[Collection entries]
========================
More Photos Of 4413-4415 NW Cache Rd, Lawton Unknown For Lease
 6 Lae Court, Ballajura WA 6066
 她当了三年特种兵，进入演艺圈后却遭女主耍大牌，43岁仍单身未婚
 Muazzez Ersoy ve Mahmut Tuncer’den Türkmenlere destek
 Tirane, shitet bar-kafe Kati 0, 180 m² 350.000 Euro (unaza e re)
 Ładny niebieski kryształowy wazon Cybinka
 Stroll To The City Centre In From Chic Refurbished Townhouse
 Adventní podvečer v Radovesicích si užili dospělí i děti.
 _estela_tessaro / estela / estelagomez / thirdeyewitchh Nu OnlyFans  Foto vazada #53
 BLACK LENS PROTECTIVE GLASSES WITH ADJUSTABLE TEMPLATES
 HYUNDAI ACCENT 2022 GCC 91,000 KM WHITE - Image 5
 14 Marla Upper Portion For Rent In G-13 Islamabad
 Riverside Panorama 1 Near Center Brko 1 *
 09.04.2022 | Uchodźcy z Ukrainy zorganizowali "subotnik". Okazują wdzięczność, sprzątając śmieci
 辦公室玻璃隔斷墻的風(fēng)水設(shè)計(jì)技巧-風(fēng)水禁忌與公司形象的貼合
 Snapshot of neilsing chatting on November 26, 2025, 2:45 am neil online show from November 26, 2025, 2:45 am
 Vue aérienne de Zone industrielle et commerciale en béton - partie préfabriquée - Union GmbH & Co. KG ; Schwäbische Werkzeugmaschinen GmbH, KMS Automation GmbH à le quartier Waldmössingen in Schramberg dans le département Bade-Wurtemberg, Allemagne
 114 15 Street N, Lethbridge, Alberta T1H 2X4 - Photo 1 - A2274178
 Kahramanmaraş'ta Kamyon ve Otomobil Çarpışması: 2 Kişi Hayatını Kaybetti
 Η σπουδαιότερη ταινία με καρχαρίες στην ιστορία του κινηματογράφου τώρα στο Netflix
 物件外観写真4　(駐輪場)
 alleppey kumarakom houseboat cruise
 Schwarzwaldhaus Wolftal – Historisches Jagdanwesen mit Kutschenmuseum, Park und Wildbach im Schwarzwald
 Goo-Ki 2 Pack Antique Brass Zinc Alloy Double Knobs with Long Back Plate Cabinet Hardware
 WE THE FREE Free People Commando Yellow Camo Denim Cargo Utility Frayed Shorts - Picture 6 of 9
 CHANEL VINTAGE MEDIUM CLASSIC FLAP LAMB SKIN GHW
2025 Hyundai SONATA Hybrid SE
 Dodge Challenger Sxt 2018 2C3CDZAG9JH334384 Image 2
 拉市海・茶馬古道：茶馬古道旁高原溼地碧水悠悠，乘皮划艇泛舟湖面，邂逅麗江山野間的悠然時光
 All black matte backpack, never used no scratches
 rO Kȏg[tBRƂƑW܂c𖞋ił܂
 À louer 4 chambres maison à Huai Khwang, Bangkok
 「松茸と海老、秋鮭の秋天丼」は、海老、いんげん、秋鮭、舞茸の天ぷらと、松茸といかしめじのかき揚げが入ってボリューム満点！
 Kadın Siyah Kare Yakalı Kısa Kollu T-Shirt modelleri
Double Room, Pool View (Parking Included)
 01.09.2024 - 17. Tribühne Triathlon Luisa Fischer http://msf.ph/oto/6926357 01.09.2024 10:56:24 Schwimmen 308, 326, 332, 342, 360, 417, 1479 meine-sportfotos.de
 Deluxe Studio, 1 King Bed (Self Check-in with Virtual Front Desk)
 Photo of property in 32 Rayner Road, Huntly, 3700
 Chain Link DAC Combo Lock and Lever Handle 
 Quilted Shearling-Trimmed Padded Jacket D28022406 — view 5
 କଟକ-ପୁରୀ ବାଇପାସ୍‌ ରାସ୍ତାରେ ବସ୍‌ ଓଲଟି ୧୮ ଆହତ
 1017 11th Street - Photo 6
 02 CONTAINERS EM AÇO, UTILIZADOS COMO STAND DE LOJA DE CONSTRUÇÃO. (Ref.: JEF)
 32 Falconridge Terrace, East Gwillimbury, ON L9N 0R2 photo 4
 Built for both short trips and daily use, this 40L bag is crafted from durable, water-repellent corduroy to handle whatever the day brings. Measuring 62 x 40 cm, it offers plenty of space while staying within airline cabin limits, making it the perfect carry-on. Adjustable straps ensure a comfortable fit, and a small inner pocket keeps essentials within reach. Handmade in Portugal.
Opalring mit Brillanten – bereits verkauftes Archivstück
========================
• [REQUIREMENT]: Copy all the entries verbatim.

• [YOUR SOLUTION]:
More Photos Of 4413-4415 NW Cache Rd, Lawton Unknown For Lease
 6 Lae Court, Ballajura WA 6066
 她当了三年特种兵，进入演艺圈后却遭女主耍大牌，43岁仍单身未婚
 Muazzez Ersoy ve Mahmut Tuncer’den Türkmenlere destek
 Tirane, shitet bar-kafe Kati 0, 180 m² 350.000 Euro (unaza e re)
 Ładny niebieski kryształowy wazon Cybinka
 Stroll To The City Centre In From Chic Refurbished Townhouse
 Adventní podvečer v Radovesicích si užili dospělí i děti.
 _estela_tessaro / estela / estelagomez / thirdeyewitchh Nu OnlyFans  Foto vazada #53
 BLACK LENS PROTECTIVE GLASSES WITH ADJUSTABLE TEMPLATES
 HYUNDAI ACCENT 2022 GCC 91,000 KM WHITE - Image 5
 14 Marla Upper Portion For Rent In G-13 Islamabad
 Riverside Panorama 1 Near Center Brko 1 *
 09.04.2022 | Uchodźcy z Ukrainy zorganizowali "subotnik". Okazują wdzięczność, sprzątając śmieci
 辦公室玻璃隔斷墻的風(fēng)水設(shè)計(jì)技巧-風(fēng)水禁忌與公司形象的貼合
 Snapshot of neilsing chatting on November 26, 2025, 2:45 am neil online show from November 26, 2025, 2:45 am
 Vue aérienne de Zone industrielle et commerciale en béton - partie préfabriquée - Union GmbH & Co. KG ; Schwäbische Werkzeugmaschinen GmbH, KMS Automation GmbH à le quartier Waldmössingen in Schramberg dans le département Bade-Wurtemberg, Allemagne
 114 15 Street N, Lethbridge, Alberta T1H 2X4 - Photo 1 - A2274178
 Kahramanmaraş'ta Kamyon ve Otomobil Çarpışması: 2 Kişi Hayatını Kaybetti
 Η σπουδαιότερη ταινία με καρχαρίες στην ιστορία του κινηματογράφου τώρα στο Netflix
 物件外観写真4　(駐輪場)
 alleppey kumarakom houseboat cruise
 Schwarzwaldhaus Wolftal – Historisches Jagdanwesen mit Kutschenmuseum, Park und Wildbach im Schwarzwald
 Goo-Ki 2 Pack Antique Brass Zinc Alloy Double Knobs with Long Back Plate Cabinet Hardware
 WE THE FREE Free People Commando Yellow Camo Denim Cargo Utility Frayed Shorts - Picture 6 of 9
 CHANEL VINTAGE MEDIUM CLASSIC FLAP LAMB SKIN GHW
2025 Hyundai SONATA Hybrid SE
 Dodge Challenger Sxt 2018 2C3CDZAG9JH334384 Image 2
 拉市海・茶馬古道：茶馬古道旁高原溼地碧水悠悠，乘皮划艇泛舟湖面，邂逅麗江山野間的悠然時光
 All black matte backpack, never used no scratches
 rO Kȏg[tBRƂƑW܂c𖞋ił܂
 À louer 4 chambres maison à Huai Khwang, Bangkok
 「松茸と海老、秋鮭の秋天丼」は、海老、いんげん、秋鮭、舞茸の天ぷらと、松茸といかしめじのかき揚げが入ってボリューム満点！
 Kadın Siyah Kare Yakalı Kısa Kollu T-Shirt modelleri
Double Room, Pool View (Parking Included)
 01.09.2024 - 17. Tribühne Triathlon Luisa Fischer http://msf.ph/oto/6926357 01.09.2024 10:56:24 Schwimmen 308, 326, 332, 342, 360, 417, 1479 meine-sportfotos.de
 Deluxe Studio, 1 King Bed (Self Check-in with Virtual Front Desk)
 Photo of property in 32 Rayner Road, Huntly, 3700
 Chain Link DAC Combo Lock and Lever Handle 
 Quilted Shearling-Trimmed Padded Jacket D28022406 — view 5
 କଟକ-ପୁରୀ ବାଇପାସ୍‌ ରାସ୍ତାରେ ବସ୍‌ ଓଲଟି ୧୮ ଆହତ
 1017 11th Street - Photo 6
 02 CONTAINERS EM AÇO, UTILIZADOS COMO STAND DE LOJA DE CONSTRUÇÃO. (Ref.: JEF)
 32 Falconridge Terrace, East Gwillimbury, ON L9N 0R2 photo 4
 Built for both short trips and daily use, this 40L bag is crafted from durable, water-repellent corduroy to handle whatever the day brings. Measuring 62 x 40 cm, it offers plenty of space while staying within airline cabin limits, making it the perfect carry-on. Adjustable straps ensure a comfortable fit, and a small inner pocket keeps essentials within reach. Handmade in Portugal.
Opalring mit Brillanten – bereits verkauftes Archivstück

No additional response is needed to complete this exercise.